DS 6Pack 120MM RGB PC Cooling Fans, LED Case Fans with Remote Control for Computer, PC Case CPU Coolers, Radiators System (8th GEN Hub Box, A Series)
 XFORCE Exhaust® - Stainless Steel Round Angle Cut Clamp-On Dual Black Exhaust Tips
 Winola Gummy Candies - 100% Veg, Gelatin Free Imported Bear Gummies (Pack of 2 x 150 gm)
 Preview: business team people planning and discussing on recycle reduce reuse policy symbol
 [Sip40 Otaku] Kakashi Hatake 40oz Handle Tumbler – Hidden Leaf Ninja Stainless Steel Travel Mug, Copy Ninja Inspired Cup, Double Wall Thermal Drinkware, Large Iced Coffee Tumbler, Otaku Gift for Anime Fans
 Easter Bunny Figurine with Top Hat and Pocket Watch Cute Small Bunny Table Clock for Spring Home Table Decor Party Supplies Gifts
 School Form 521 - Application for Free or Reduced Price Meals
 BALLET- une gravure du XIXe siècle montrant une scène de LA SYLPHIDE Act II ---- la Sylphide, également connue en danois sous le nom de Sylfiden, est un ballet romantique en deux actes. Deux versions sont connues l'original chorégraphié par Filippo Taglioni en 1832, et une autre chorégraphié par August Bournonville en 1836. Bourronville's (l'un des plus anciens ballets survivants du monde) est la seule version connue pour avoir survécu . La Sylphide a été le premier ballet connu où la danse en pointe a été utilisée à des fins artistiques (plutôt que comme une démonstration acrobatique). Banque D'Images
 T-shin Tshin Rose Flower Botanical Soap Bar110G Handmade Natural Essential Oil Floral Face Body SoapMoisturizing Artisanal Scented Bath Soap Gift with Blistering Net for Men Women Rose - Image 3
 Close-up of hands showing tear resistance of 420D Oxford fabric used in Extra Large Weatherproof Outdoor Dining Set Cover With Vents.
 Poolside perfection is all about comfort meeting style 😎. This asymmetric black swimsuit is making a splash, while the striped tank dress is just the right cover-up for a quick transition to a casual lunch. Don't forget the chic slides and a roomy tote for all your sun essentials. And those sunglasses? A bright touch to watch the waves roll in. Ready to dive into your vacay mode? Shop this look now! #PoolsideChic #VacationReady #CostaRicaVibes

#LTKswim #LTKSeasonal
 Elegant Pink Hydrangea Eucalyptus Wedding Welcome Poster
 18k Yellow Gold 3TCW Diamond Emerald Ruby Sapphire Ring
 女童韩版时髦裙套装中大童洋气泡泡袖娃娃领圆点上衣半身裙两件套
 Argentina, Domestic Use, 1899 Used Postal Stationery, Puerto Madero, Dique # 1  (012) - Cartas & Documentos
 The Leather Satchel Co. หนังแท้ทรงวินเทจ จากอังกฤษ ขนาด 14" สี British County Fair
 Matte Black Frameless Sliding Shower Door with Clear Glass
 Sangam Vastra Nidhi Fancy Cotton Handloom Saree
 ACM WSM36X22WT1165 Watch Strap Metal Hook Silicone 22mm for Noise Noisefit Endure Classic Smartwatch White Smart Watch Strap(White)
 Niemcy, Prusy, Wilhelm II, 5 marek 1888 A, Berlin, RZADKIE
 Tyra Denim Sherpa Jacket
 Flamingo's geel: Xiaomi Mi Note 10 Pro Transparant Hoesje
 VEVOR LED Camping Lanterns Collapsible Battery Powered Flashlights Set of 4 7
◇ ◇ ◇ ◇ ◇
Copy range, inclusive: the line holding "T-shin Tshin Rose" to the line holding "Close-up of hands". Reproduce exactly those lines of the records above and no others.

 T-shin Tshin Rose Flower Botanical Soap Bar110G Handmade Natural Essential Oil Floral Face Body SoapMoisturizing Artisanal Scented Bath Soap Gift with Blistering Net for Men Women Rose - Image 3
 Close-up of hands showing tear resistance of 420D Oxford fabric used in Extra Large Weatherproof Outdoor Dining Set Cover With Vents.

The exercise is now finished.